Given data Block Start
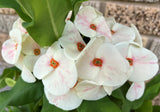 Euphorbia Milii ORCHID EUPHORBIA Crown Of Thorns Thai Hybrid Corona de Cristo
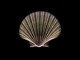 Crystal Art Screensaver 1.0 Crystal Art Screensaver 1.0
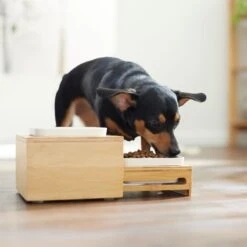 Frisco Elevated Non-Skid Bamboo Melamine Bowl Double Diner With Bamboo Stand -Pet Dog Shop 363385 PT5. AC SS1800 V1657657267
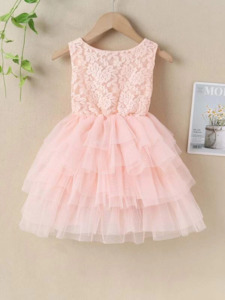 Flower Girls Lace And Mesh Layered Dress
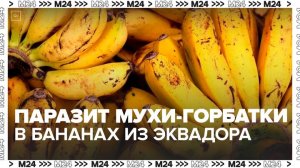 Россия ограничила поставки бананов из Эквадора из-за паразита мухи-горбатки - Москва 24
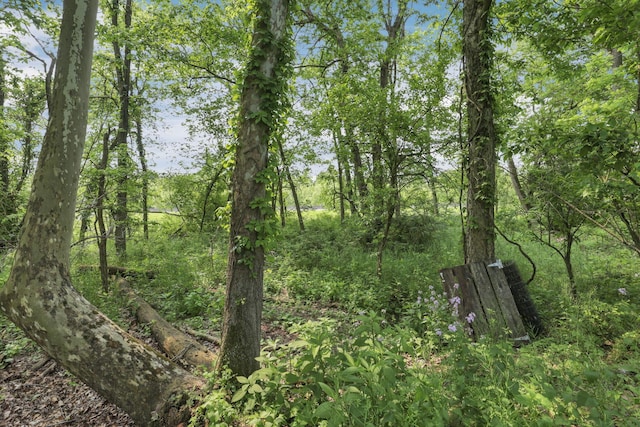 498 Manor, Newark, OH 43055 - view of wooded area
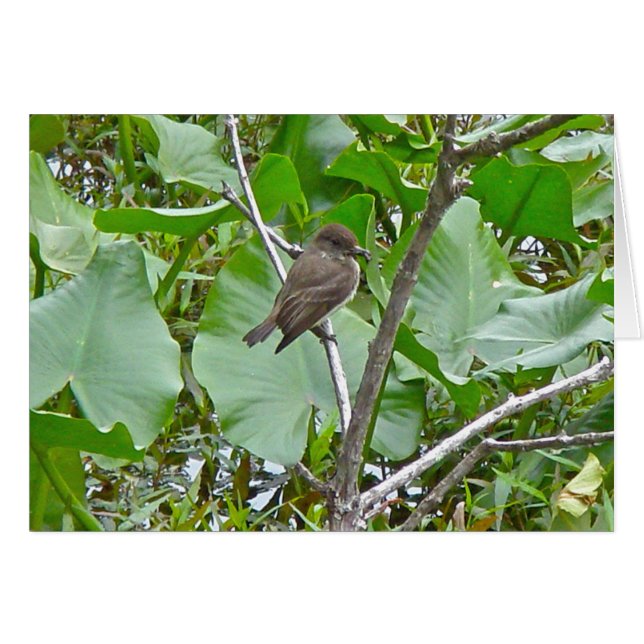 PhoebeのFlycatcher (正面横)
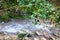 Subtropics in winter. Mountain stream with green bridge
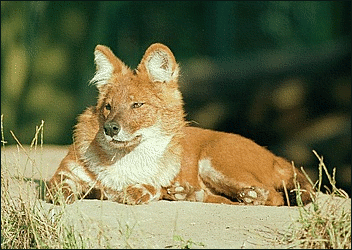 dhole animal free clipart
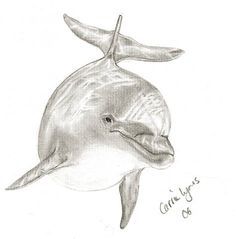 236x239 how to draw a jumping dolphin step drawing - Dolphin Jumping Drawing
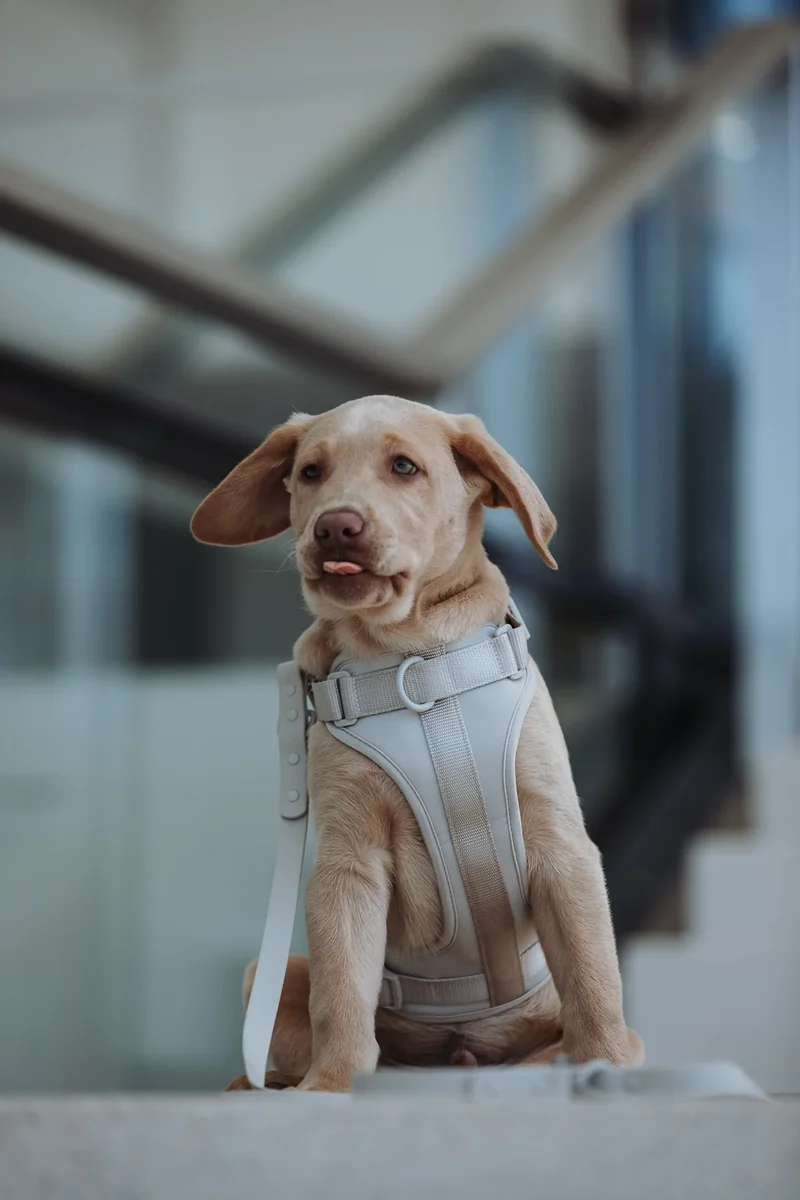 Hundegeschirr mit Leine "Neo" | grau
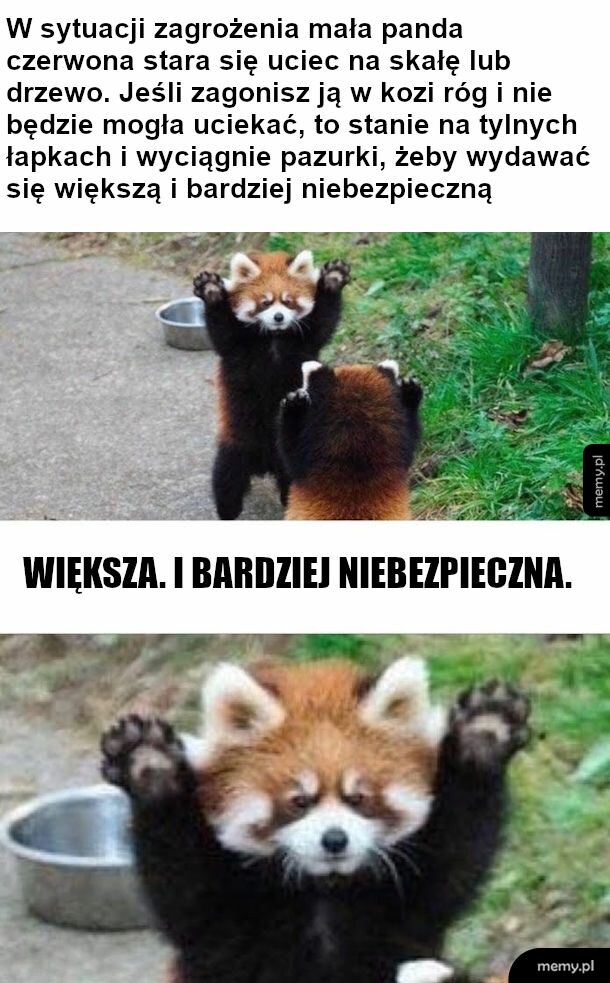 Jestem groźna wrau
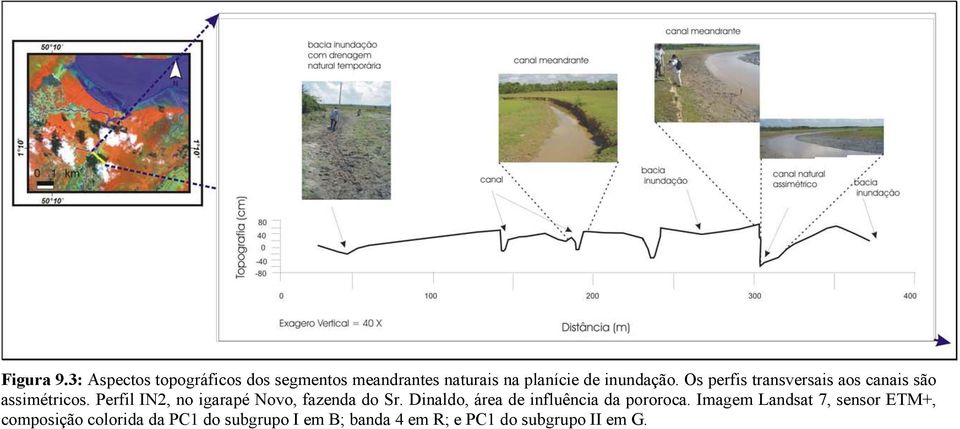 Os perfis transversais aos canais são assimétricos.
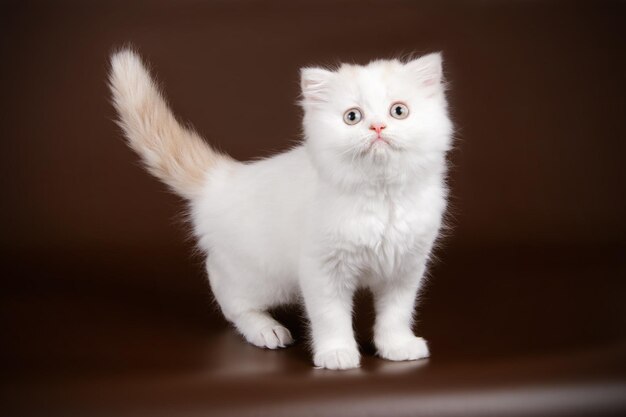 Studio photography of highland straight cat on colored backgrounds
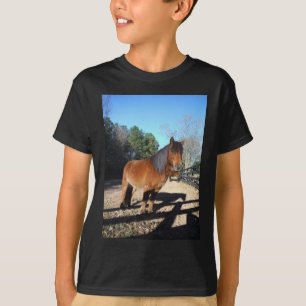 Camiseta Poni marrón cielo turquesa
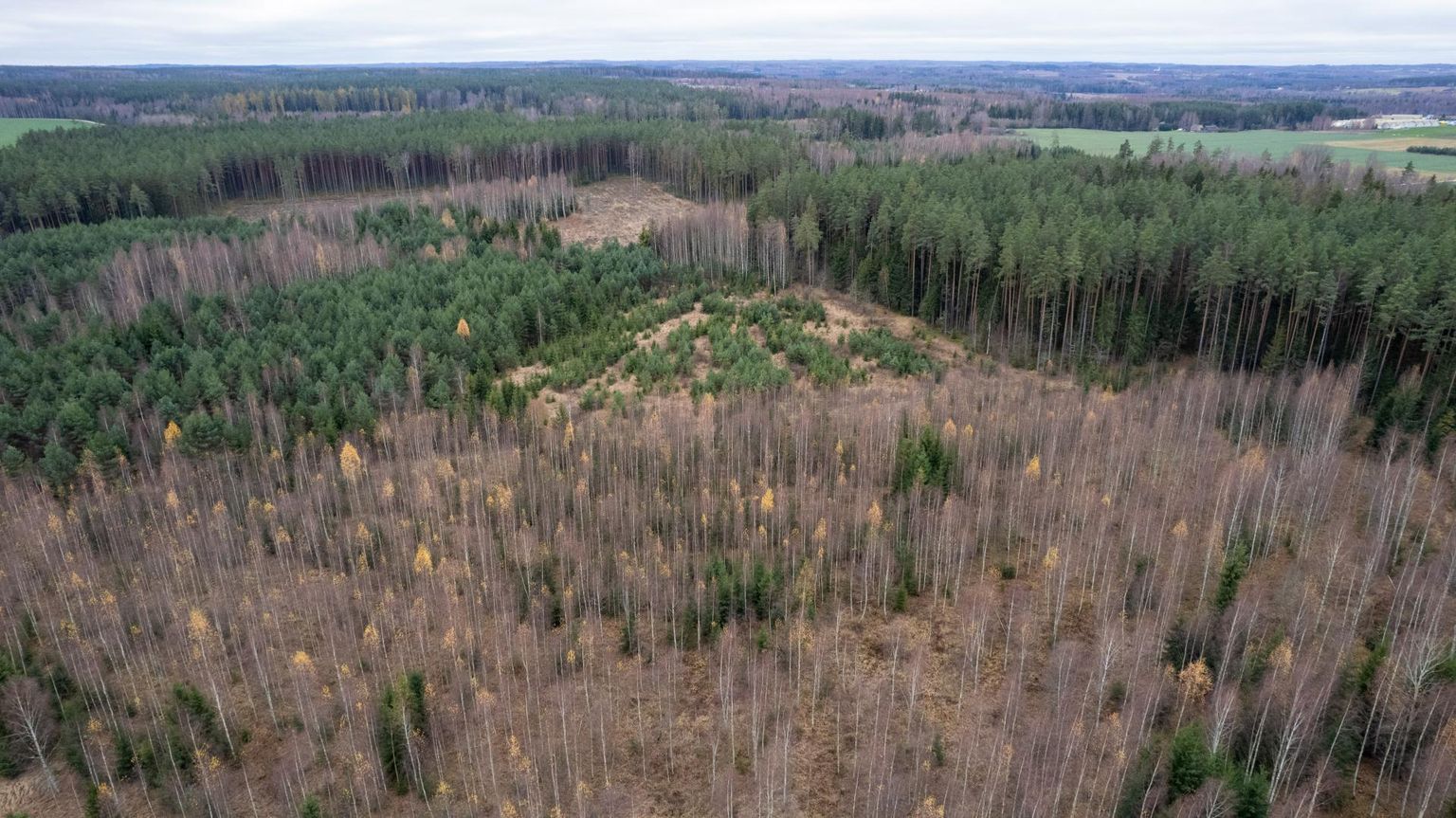 Vana-Kuuste looduskaitsealal tabasid keskkonnainspektorid hiljuti kaks inimest metsavarguselt.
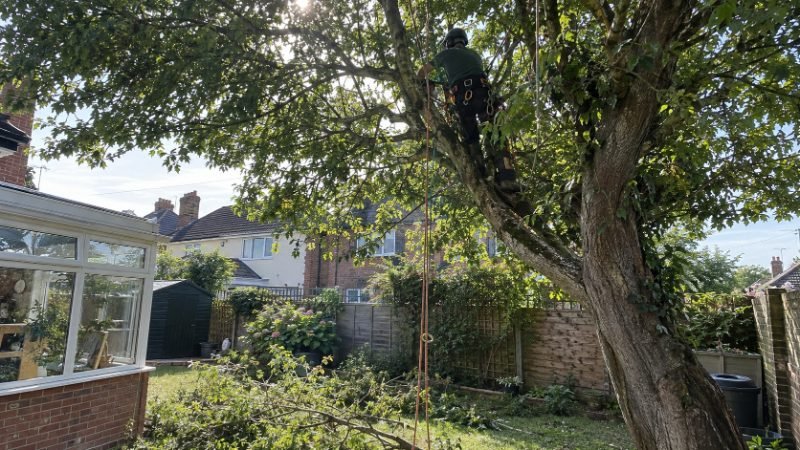 Crown Thinning services in Corby, North Northamptonshire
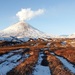 Уже восемь человек погибли из группы восхождения на Ключевскую сопку, спасти оставшихся четверых шансы еще есть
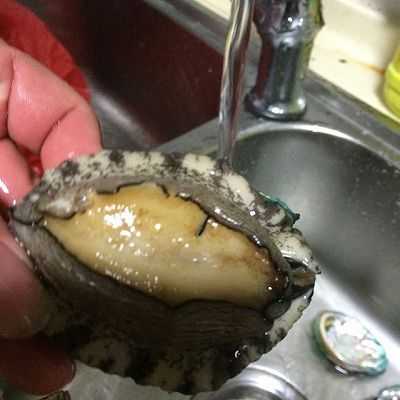 发好的鲍鱼怎么样处理(鲍鱼如何处理)-第3张图片-厨房小当家 发好的鲍鱼怎么样处理(鲍鱼如何处理)-第3张图片-厨房小当家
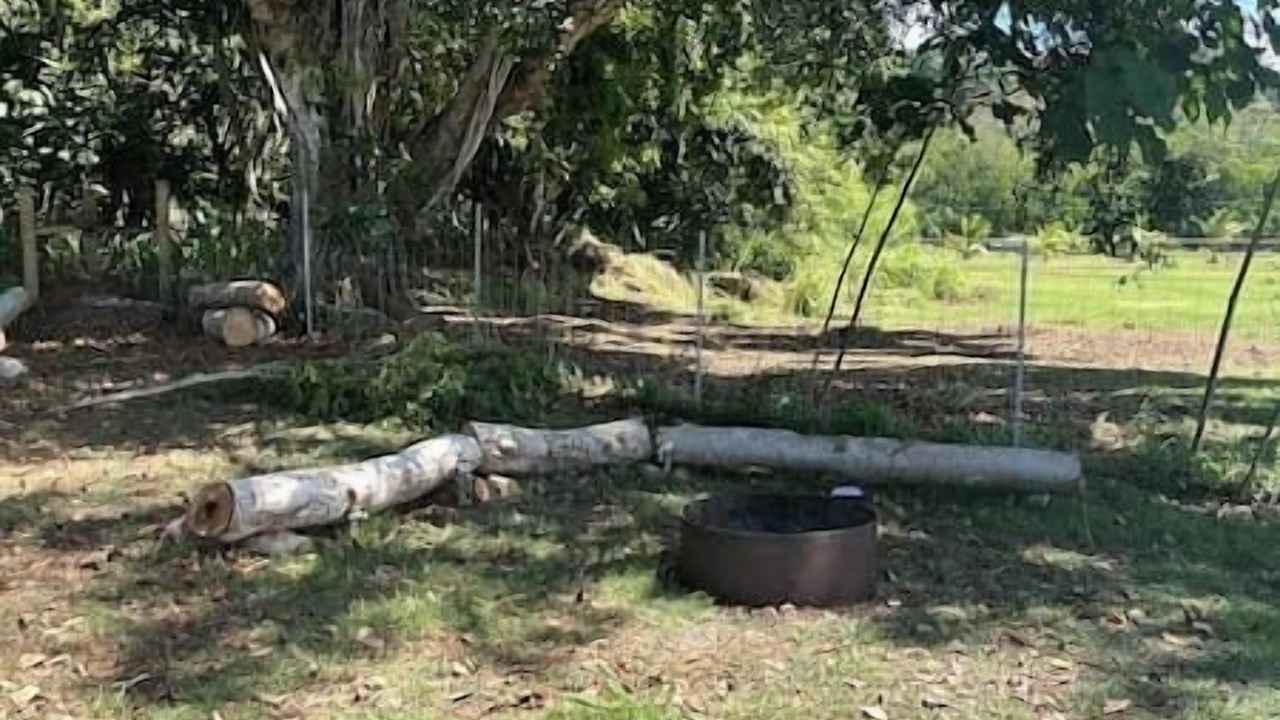 Photo of Outdoor in Laie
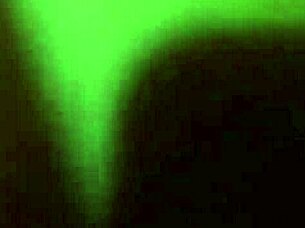 Tubera stays in a motel in the country.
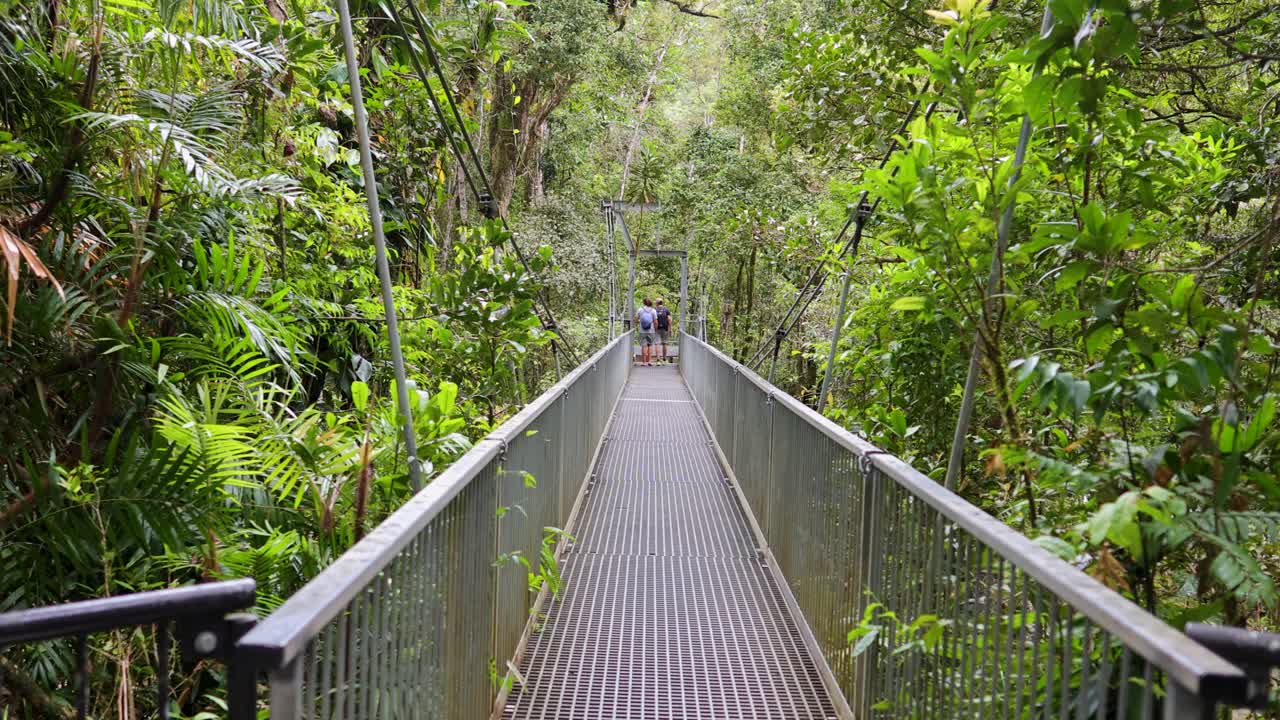 People walk across a suspension bridge in the lush Daintree Rainforest, surrounded by vibrant green foliage under natural daylight
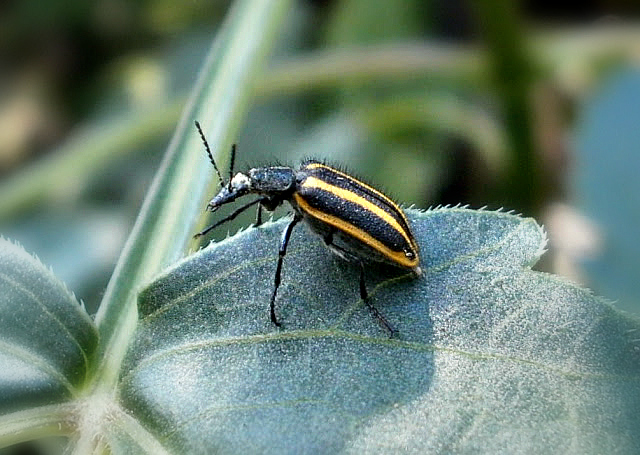 Soft-winged flower beetle.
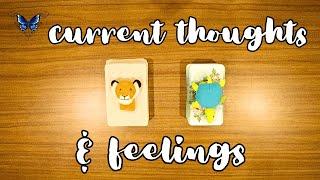 ️‍️‍🩹 WHAT ARE THEIR CURRENT THOUGHTS AND FEELINGS FOR YOU?!  Timeless Tarot Reading 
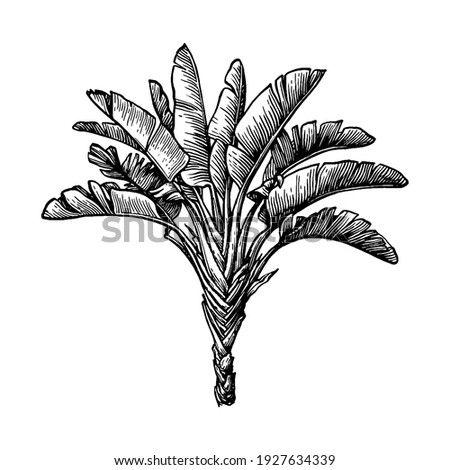 Ravenala. Hand drawn vector illustration of travellers tree. Ink sketch isolated on white background. Retro style.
Given data Block End
The problem :: Everything in the listing must be copied exactly except the pictures.

Exercise response ::
 Euphorbia Milii ORCHID EUPHORBIA Crown Of Thorns Thai Hybrid Corona de Cristo
 Crystal Art Screensaver 1.0 Crystal Art Screensaver 1.0
 Frisco Elevated Non-Skid Bamboo Melamine Bowl Double Diner With Bamboo Stand -Pet Dog Shop 363385 PT5. AC SS1800 V1657657267
 Flower Girls Lace And Mesh Layered Dress
 Россия ограничила поставки бананов из Эквадора из-за паразита мухи-горбатки - Москва 24
 498 Manor, Newark, OH 43055 - view of wooded area
 PhoebeのFlycatcher (正面横)
 Subtropics in winter. Mountain stream with green bridge
 dhole animal free clipart
 236x239 how to draw a jumping dolphin step drawing - Dolphin Jumping Drawing
 Hundegeschirr mit Leine "Neo" | grau
 Jestem groźna wrau
 Os perfis transversais aos canais são assimétricos.
 Studio photography of highland straight cat on colored backgrounds
 Camiseta Poni marrón cielo turquesa
 Vana-Kuuste looduskaitsealal tabasid keskkonnainspektorid hiljuti kaks inimest metsavarguselt.
 Crown Thinning services in Corby, North Northamptonshire
 Уже восемь человек погибли из группы восхождения на Ключевскую сопку, спасти оставшихся четверых шансы еще есть
 发好的鲍鱼怎么样处理(鲍鱼如何处理)-第3张图片-厨房小当家 发好的鲍鱼怎么样处理(鲍鱼如何处理)-第3张图片-厨房小当家
 Photo of Outdoor in Laie
 Tubera stays in a motel in the country.
 People walk across a suspension bridge in the lush Daintree Rainforest, surrounded by vibrant green foliage under natural daylight
 Soft-winged flower beetle.
 ️‍️‍🩹 WHAT ARE THEIR CURRENT THOUGHTS AND FEELINGS FOR YOU?!  Timeless Tarot Reading 
 Ravenala. Hand drawn vector illustration of travellers tree. Ink sketch isolated on white background. Retro style.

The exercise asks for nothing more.